From: Bela Lubkin <belal@sco.com> Subject: Re: Swapping a hd in 5.0.6 Date: Thu, 14 Nov 2002 09:33:41 GMT References: <20021108112935.A9421@egps.egps.com>
<20021109164949.05596@tegan.com>
<20021109193812.A24538@egps.egps.com>
<20021109204029.17968@tegan.com>
<20021110164846.A1171@egps.egps.com> Nachman Yaakov Ziskind wrote: > So, last night, while working from home, feeling dreary, pondering Tom's > admonition to make sure I was looking at the right drive (and darn it, I WAS > looking at the right drive), and then I saw it: > > Current Hard Disk Drive: /dev/rdsk/3s0 > > +-------------+----------+-----------+---------+---------+---------+ > | Partition | Status | Type | Start | End | Size | > +-------------+----------+-----------+---------+---------+---------+ > | 1 | Active | UNIX | 1 | 281774 | 281774 | > +-------------+----------+-----------+---------+---------+---------+ > > Total disk size: 2258025 tracks (256 reserved for masterboot and diagnostics) > > At which point, I noticed the "Total disk size:" DUH! Perhaps the 'tracks' it > is counting is not the same as the Start/End figures? I did some feverish > reading on the fdisk man page and decided that, no, tracks are tracks, and > fdisk is only looking at 12% of the drive. I selected "Use Entire > Disk for UNIX", and (after a scary warning) got: > > | 1 | Active | UNIX | 1 | 2257769 | 2257769 |
During the hot-swap episode, you caused a copy of the old disk's fdisk table to be written to the new disk. You did _not_ do anything to overwrite the new disk's proper geometry. fdisk tables are expressed in linear block numbers; in effect you laid down a table that gave partition #1 exactly as much space as it had on the old disk (and thus only a fraction of the new disk). (Actually, for SCSI disks, OpenServer only cares about the "sectors/track" and "heads" geometry parameters; it determines the "tracks" parameter by dividing total disk size by those two.

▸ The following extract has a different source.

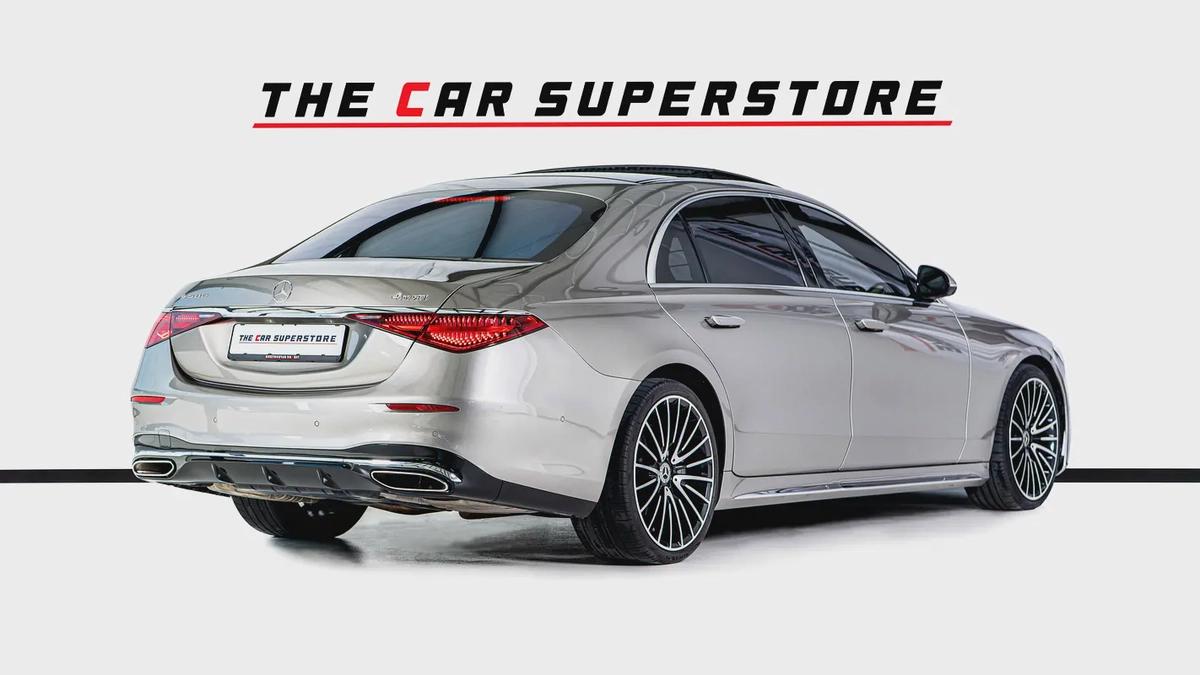 Mercedes Benz S580 L 4Matic-GCC-Gargash Warranty Service Contract Until 05/2027-AMG Body Styli-7-7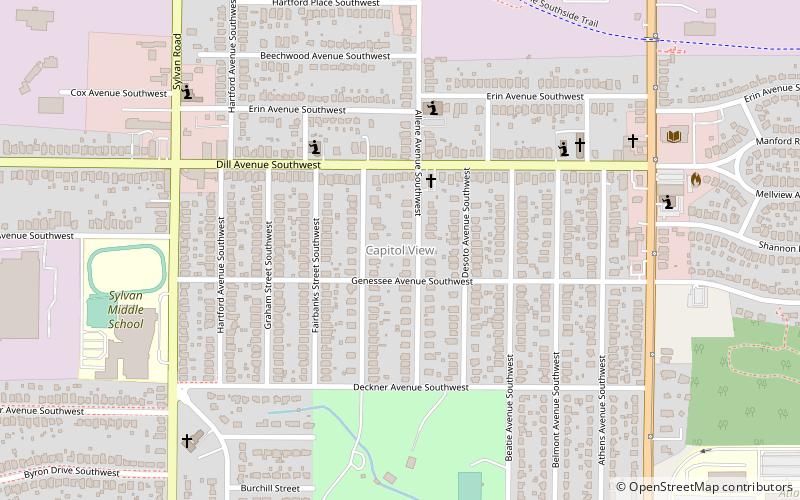 Capitol View location map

So you could not have "damaged" the total disk size by writing a wrong parameter table.) > Which looked MUCH better. So, letting the dice roll, I ran divvy, and got the > same division table as before, with one small difference: > > 71111722 1K blocks for divisions, 8001 1K blocks reserved for the system > > Which I picked up on right away. :-) I thought I'd just expand the last block > of the first filesystem to 71111722, umount and mount, and away I'd go. > > But no, the filesystem stayed at 9gig in df -vk. Changing the boundaries of an HTFS filesystem doesn't have any effect on its internal structures, which tell it that it ends at the old boundary. If you have a house and you buy the vacant lot next door, it doesn't make your house any bigger -- you would have to build an addition or rip it down and build a bigger one. John DuBois has a utility for building that addition, at ftp://ftp.armory.com/pub/admin/chfssize (danger: this is a utility for People Who Know What They Are Doing And Have Made Good Backups). Otherwise you tear down and rebuild, as you did. > After more head scratching, I > decided to remove all the first division entirely, and reinput the numbers. What you wanted was divvy's "c[reate] Create a new file system on this division." choice. You probably used that, since changing boundaries does not automatically prompt divvy to create a filesystem. It didn't occur to you to just use "c[reate]", but it was obvious to you that after moving the boundaries you needed to do that.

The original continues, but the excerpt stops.